About The Quebec Fortifications NHCS
Towering over the St Lawrence River, the Quebec Fortifications NHCS (National Historic Site of Canada) are the only surviving historic city defences in North America north of Mexico and St Augustine, Florida. The English fortified the existing walls after they took Quebec City from the French in the Battle of the Plains of Abraham in 1759.
Today, the defence system’s picturesque charm and great view points has made the military landmark into a popular tourist site in Canada.
The Quebec Fortifications NHCS history
The origins of the Quebec Fortifications can be traced back to 1608, when the city was founded by Samuel de Champlain as the capital of New France. However, most of what can be seen today of the Quebec Fortifications was built by the French in the first half of the 18th century.
In 1759, the British took Quebec and went on to expand these fortifications, including building the Quebec Citadel which was completed in 1831. Later that century, the Governor General of Canada Lord Dufferin played an important role in preserving the Quebec Fortifications.
The Quebec Fortifications NHCS today
Open each day between 9.30am and 4.30pm, today visitors can tour the remaining 4.6 kilometre Quebec Fortifications including curtain walls, turrets and gates in a 90 minute route. At the same time visitors get to view a range of the city’s related historic sites. Amongst the things to see are the Saint-Louis Gate, the Quebec Citadelle NHSC and the Quebec Garrison Club NHSC.

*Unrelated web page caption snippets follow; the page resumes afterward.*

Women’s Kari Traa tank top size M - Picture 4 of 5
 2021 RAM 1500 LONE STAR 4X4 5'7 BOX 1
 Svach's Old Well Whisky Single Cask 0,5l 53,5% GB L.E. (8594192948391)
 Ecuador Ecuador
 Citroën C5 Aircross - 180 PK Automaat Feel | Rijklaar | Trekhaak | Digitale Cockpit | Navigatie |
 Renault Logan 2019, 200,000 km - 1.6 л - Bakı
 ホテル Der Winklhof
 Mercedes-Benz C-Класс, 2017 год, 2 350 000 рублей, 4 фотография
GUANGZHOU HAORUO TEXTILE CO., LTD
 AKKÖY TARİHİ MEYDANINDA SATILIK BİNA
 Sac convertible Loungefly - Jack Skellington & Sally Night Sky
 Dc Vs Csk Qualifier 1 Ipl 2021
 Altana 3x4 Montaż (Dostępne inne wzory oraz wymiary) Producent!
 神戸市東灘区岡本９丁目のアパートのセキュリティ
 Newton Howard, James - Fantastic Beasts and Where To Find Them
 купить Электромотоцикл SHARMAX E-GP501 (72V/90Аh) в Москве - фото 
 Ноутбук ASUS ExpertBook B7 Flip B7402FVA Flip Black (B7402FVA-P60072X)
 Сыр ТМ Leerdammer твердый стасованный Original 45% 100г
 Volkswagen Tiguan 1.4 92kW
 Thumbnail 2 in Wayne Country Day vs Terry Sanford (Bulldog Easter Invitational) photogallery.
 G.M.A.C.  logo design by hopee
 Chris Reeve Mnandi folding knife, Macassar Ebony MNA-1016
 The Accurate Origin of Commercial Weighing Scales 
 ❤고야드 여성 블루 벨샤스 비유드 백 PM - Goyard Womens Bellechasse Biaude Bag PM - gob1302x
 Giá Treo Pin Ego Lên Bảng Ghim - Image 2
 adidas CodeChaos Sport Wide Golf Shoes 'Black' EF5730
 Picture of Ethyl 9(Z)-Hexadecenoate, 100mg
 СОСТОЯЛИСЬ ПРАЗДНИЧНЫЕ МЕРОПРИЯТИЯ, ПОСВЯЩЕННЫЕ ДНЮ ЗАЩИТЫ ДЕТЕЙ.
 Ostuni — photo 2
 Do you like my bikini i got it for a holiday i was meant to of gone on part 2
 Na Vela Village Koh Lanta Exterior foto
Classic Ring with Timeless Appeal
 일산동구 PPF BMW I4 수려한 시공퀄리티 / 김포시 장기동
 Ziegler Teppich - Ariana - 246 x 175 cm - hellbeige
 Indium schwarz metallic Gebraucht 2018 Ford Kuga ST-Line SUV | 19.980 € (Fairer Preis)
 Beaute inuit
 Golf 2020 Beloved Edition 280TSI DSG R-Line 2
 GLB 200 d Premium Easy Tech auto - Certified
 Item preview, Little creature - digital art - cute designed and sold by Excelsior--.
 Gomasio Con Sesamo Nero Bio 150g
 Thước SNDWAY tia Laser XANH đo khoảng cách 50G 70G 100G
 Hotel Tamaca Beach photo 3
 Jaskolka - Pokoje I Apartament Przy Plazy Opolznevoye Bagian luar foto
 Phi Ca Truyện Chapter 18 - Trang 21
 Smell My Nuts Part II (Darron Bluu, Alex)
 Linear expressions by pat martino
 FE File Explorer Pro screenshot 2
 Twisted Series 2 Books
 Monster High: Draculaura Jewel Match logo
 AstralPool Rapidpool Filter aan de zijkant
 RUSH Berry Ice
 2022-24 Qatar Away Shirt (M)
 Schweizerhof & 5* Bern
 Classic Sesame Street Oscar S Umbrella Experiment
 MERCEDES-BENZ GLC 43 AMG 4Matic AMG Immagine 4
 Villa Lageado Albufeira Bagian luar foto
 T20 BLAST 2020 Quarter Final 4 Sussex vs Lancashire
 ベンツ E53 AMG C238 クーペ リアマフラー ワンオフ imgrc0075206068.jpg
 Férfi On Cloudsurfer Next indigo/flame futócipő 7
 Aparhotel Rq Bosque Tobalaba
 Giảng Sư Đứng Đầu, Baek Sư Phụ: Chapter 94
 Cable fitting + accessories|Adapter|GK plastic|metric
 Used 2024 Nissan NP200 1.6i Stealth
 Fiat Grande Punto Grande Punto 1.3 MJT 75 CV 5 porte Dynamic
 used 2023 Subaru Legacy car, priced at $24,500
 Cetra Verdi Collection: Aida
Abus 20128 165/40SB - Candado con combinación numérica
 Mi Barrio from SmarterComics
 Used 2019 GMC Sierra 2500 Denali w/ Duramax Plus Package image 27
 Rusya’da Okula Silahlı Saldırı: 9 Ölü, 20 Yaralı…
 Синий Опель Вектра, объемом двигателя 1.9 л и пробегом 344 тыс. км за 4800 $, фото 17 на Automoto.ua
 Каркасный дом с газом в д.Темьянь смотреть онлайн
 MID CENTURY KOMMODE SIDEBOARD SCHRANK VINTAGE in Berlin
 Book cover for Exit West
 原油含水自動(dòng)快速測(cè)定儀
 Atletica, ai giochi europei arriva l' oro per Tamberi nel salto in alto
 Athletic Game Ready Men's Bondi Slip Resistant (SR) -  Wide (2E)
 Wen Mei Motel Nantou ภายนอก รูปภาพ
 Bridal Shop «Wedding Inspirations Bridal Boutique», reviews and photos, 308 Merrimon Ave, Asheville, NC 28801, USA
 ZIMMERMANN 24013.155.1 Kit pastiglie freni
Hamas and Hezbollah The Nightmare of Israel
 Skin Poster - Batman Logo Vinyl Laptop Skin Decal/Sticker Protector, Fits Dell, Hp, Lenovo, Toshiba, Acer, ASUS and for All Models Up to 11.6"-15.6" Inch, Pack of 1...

Getting to The Quebec Fortifications NHCS
The start place for your exploration of the fortifications can be found along the Rue d’Auteuil close to St John’s Gate in central Quebec. The 11, 22 and 992 bus routes stop just around the corner from the fortifications or for those driving, the site is just off the 175 running through the city. Alternately, the Gare du Palais train station with links to Ottawa is only an 8 minute walk away.